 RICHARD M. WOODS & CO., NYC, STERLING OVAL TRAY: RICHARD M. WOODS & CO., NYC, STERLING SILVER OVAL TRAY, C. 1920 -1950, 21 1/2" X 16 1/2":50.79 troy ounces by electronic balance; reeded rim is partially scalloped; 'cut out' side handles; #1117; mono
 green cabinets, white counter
============================================================
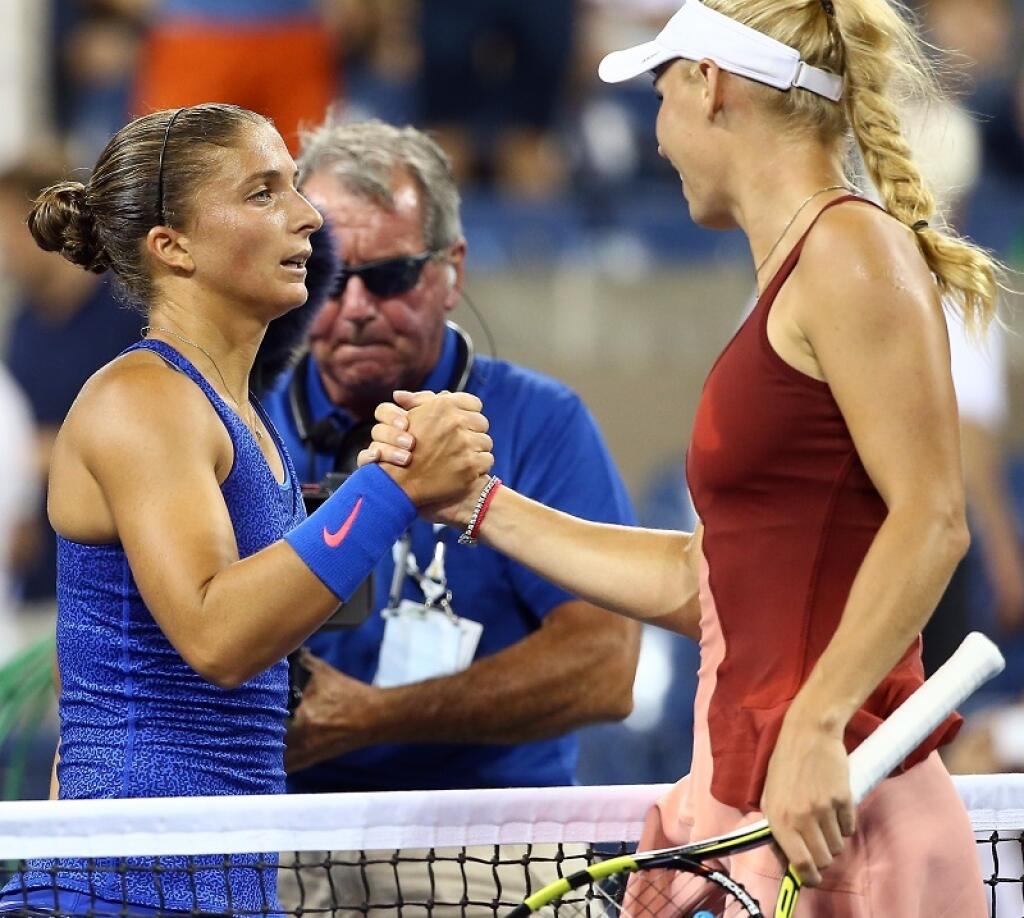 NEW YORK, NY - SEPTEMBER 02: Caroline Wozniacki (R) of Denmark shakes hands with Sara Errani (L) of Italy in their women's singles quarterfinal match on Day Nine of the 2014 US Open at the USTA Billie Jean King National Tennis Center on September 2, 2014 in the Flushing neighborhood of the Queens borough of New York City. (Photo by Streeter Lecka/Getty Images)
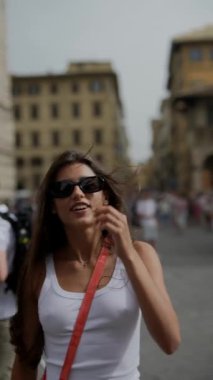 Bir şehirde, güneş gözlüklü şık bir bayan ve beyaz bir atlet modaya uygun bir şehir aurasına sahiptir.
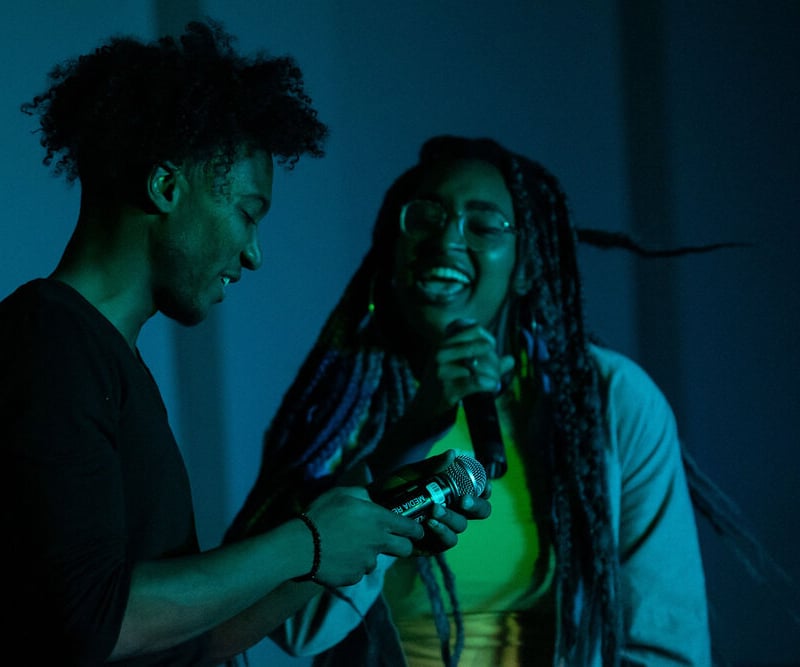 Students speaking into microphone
============================================================
__WHAT THE EXERCISE ASKS__: Working from the entries above, please transcribe only the lines from the line with "NEW YORK, NY" through the line with "Students speaking into microphone", exactly, with both end lines and without pictures.

__RESULT OF THIS TASK__:
 NEW YORK, NY - SEPTEMBER 02: Caroline Wozniacki (R) of Denmark shakes hands with Sara Errani (L) of Italy in their women's singles quarterfinal match on Day Nine of the 2014 US Open at the USTA Billie Jean King National Tennis Center on September 2, 2014 in the Flushing neighborhood of the Queens borough of New York City. (Photo by Streeter Lecka/Getty Images)
 Bir şehirde, güneş gözlüklü şık bir bayan ve beyaz bir atlet modaya uygun bir şehir aurasına sahiptir.
 Students speaking into microphone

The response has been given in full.